Alors qu’il se rend en train en Dordogne pour passer quelques jours chez un ami, le commissaire est intrigué par le comportement d’un voyageur. Quand celui-ci saute du train en marche, il le suit mais l’inconnu lui tire dessus et le blesse. C’est à l’hôpital où il est soigné qu’il apprend que des jeunes femmes ont récemment été victimes d’un meurtrier qui pourrait bien être son agresseur.

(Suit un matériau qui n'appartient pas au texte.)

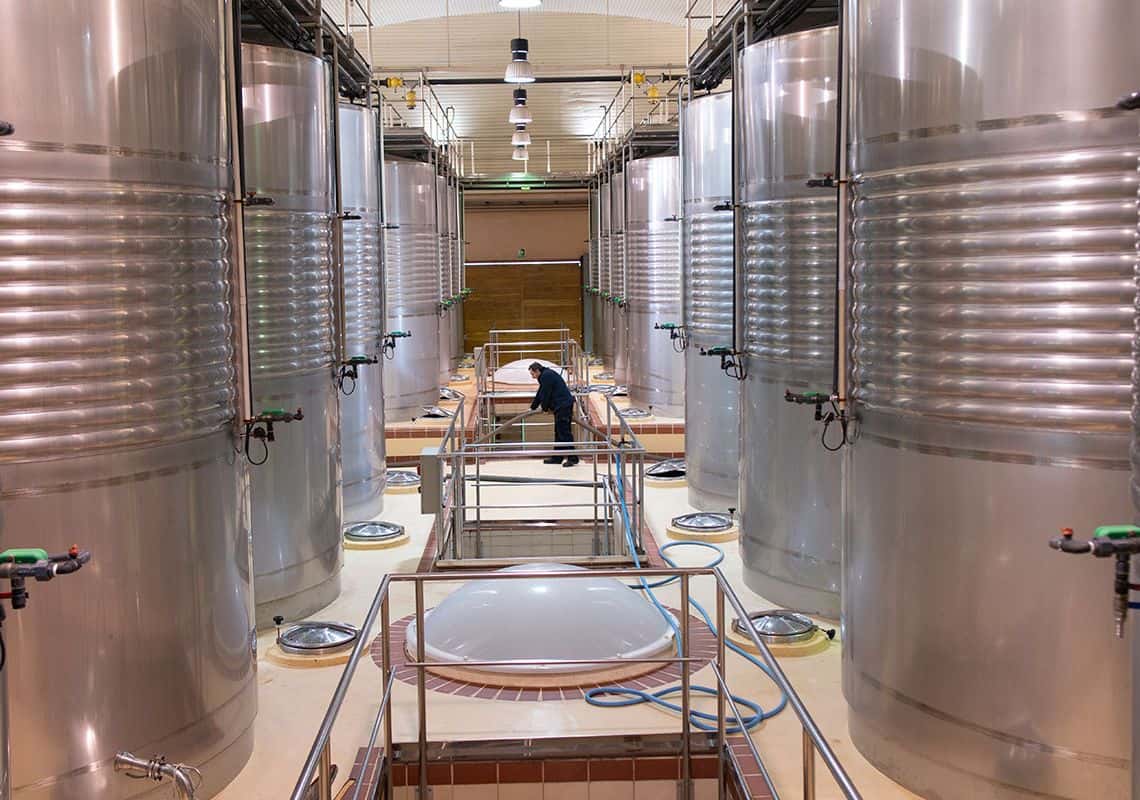 silver wine vats in a row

Se sentant personnellement concerné par l’affaire, immobilisé par sa blessure, c’est depuis sa chambre, d’abord à l’hôpital de Bergerac puis à l’hôtel d’Angleterre où sa femme l’a rejoint, que Maigret mène ses investigations avec les moyens du bord. Nanti d’un guide Michelin et de cartes postales, aidé par Madame Maigret qu’il envoie en reconnaissance, il construit sa vision des lieux – « Maigret ne connaissait ni la ville, ni la gare, ni aucun des endroits dont les gens lui parlaient. Et pourtant il avait déjà reconstitué en esprit un Bergerac assez précis, où il ne manquait presque rien. » – avant de s’intéresser à quelques-uns de ses habitants, des notables en particulier.

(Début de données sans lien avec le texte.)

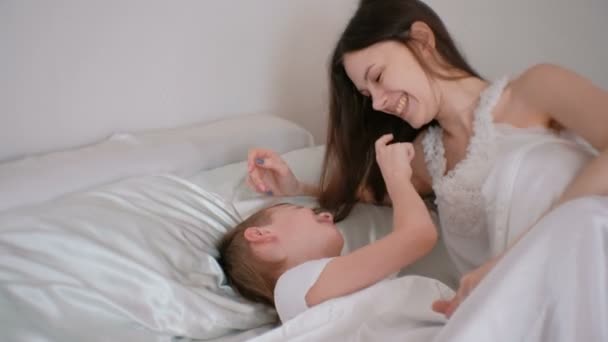 Máma a syn hrát s sebou ležící v posteli a ráno.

On sait que l’observation est pour le commissaire l’accès privilégié à la compréhension des hommes et des événements. Dans Le fou de Bergerac, c’est à partir de ce qu’il voit depuis la fenêtre de sa chambre ou de ce qu’il imagine grâce aux comptes rendus de Mme Maigret – la place du marché, la maison du procureur, la villa du docteur – et de l’attention qu’il porte aux différents bruits qui rythment la journée – le bavardage des ménagères faisant leurs courses, des ouvriers sortant d’une imprimerie, le claquement des boules de billard dans la grande salle de l’hôtel à l’heure de l’apéritif – qu’il se fait peu à peu une opinion sur une affaire complexe de chantage sur fond d’usurpation d’identité.
Le point fort du roman est l’opposition entre Paris et le reste de la France. Né dans le Bourbonnais où il a passé sa jeunesse, devenu Parisien, Maigret aime peu la province, qu'il trouve ennuyeuse et a peu d'estime pour ses notables, coupables à ses yeux d’être animés par des desseins obscurs ou de dissimuler des secrets inavouables, tout en se protégeant les uns les autres : « Tout cela formait un clan ! Cela se soutenait ! »
Il ne garde donc pas un souvenir impérissable de Bergerac. Face à des gens enfermés dans leurs certitudes – « Cette affaire est lamentable et menace la tranquillité d’un si beau pays… Que cela arrive à Paris, où le vice règne à l’état endémique… Mais ici ! » –, confronté à une société clanique qu’il méprise, furieux de son impuissance – « Il éclatait ! Non, il n'avait pas d’idée ! Non, il ne s'y retrouvait pas dans cette histoire compliquée comme à plaisir ! » – et finalement incapable d'empêcher le coupable de se donner la mort avant d’être livré à la justice, il est si heureux de repartir pour Paris qu’il en oublie sa réserve habituelle : « Pour aujourd’hui, enfin, des truffes en serviette, du foie gras du pays… Et l’addition !... On fout le camp ! »
Georges Simenon, Le fou de Bergerac © Paris, Fayard, 1932 et Paris, Omnibus, 2007.